Can the data below be set down again exactly, line for line?

= Beginning of Section =

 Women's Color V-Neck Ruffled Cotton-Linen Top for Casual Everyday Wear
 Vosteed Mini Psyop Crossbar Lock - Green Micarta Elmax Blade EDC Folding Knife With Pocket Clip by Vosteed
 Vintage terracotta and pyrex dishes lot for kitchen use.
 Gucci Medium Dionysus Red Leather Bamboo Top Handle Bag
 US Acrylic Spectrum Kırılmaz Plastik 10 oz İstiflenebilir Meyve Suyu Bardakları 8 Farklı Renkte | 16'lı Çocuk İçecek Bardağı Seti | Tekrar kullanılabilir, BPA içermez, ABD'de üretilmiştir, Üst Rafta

= End of Section =

_The answer:_
 Women's Color V-Neck Ruffled Cotton-Linen Top for Casual Everyday Wear
 Vosteed Mini Psyop Crossbar Lock - Green Micarta Elmax Blade EDC Folding Knife With Pocket Clip by Vosteed
 Vintage terracotta and pyrex dishes lot for kitchen use.
 Gucci Medium Dionysus Red Leather Bamboo Top Handle Bag
 US Acrylic Spectrum Kırılmaz Plastik 10 oz İstiflenebilir Meyve Suyu Bardakları 8 Farklı Renkte | 16'lı Çocuk İçecek Bardağı Seti | Tekrar kullanılabilir, BPA içermez, ABD'de üretilmiştir, Üst Rafta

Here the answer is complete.